「届いた絵本」



緒言
 アンソロジー『ありがと。』に収録された作品。優しくて前向きな作品です。

ISBN 4-8401-1155-3 C-CODE 0193
出版社 メディアファクトリー 価格 \630
ページ数 20/317ページ 発行年月 2004年10月


「届いた絵本」
主要人物
村崎志織
ストーリィ(略)
 父から届いた一冊の絵本。それは志織にとって、忘れることの出来ない想い出の一冊。両親が別々に暮らす様になったあの頃。両親の気持ち、自分の気持ち。絵本にはあの時、父が持って行ってしまった栞が挟まれていました。
感想
 ストーリィは志織の語り調子で進行しますが、表現の距離が絶妙です。例えば志織が想いを寄せる男の子。
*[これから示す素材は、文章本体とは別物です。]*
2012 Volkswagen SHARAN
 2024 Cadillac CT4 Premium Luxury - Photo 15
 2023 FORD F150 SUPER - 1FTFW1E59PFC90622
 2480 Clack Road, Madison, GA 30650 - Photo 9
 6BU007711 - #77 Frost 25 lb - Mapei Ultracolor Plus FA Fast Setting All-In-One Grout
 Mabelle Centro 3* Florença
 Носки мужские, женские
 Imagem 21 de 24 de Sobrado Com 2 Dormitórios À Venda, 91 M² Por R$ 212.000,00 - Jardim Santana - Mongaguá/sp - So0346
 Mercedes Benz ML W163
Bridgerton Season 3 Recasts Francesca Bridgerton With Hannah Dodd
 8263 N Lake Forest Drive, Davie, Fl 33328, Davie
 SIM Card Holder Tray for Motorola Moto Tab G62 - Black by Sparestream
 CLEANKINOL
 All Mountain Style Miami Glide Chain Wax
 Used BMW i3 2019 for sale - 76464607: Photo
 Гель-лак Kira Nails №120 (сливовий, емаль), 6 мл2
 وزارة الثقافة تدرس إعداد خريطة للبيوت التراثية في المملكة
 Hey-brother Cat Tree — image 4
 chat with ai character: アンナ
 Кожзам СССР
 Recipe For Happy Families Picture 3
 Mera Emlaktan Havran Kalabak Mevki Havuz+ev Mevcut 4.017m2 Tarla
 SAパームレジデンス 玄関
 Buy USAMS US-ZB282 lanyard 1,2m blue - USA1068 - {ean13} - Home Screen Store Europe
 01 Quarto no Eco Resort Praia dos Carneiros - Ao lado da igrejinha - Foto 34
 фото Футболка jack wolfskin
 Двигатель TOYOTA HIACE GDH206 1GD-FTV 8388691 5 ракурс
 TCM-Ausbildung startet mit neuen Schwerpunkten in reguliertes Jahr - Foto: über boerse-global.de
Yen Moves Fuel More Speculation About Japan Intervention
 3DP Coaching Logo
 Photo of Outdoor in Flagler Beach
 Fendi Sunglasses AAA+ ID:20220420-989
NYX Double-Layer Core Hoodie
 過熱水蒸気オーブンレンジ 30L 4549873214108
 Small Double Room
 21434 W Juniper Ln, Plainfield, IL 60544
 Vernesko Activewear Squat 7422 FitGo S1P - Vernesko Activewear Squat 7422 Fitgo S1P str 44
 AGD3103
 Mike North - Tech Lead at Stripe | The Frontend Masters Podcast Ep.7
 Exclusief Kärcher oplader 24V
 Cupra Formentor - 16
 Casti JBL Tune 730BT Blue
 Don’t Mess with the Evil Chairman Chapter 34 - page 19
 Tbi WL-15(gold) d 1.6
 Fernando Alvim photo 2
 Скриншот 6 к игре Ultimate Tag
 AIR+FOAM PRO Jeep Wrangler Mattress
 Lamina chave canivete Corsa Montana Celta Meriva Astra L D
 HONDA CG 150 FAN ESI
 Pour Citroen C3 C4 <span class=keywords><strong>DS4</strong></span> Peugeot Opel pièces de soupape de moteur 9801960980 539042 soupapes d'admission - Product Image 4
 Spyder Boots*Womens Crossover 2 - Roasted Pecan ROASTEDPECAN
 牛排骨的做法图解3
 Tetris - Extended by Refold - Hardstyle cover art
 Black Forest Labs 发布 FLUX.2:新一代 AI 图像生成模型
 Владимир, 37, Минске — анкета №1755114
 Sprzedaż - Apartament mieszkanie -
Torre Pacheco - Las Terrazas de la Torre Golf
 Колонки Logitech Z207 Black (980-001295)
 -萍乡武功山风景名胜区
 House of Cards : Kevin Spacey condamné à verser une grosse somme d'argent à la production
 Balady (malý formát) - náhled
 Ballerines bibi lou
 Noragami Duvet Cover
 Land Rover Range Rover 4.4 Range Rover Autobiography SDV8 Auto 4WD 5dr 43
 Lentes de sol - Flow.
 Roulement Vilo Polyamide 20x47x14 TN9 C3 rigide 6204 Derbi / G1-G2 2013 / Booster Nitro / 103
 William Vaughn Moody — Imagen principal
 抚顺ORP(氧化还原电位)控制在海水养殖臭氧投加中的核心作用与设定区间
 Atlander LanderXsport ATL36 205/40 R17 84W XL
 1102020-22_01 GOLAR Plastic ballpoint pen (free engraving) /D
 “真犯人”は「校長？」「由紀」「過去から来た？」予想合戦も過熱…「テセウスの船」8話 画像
露骨な描写は一切ないのですが、しっかりと且つ控えめに伝わってきます。それは両親に対する想いも同じ。表現や言い回しの集合で、それを感じさせてくれます。表現の距離は、作品中でほぼ一定。控え目の度合いが一定、と云ったら良いでしょうか。そのため、とても纏まった印象です。ところで、お母さんが鼻歌まじりだったのは、もちろん、そ〜ゆ〜気分だったってってことですよね? 最後まで読んだ時、「なるほど〜!」と口をついて出ました。これも巧い感情表現ですね。
 ストーリィとは直接関係ありませんが、光原せんせの「古今東西の絵かきさんありがとう」ってな表現が私、大好きなのです。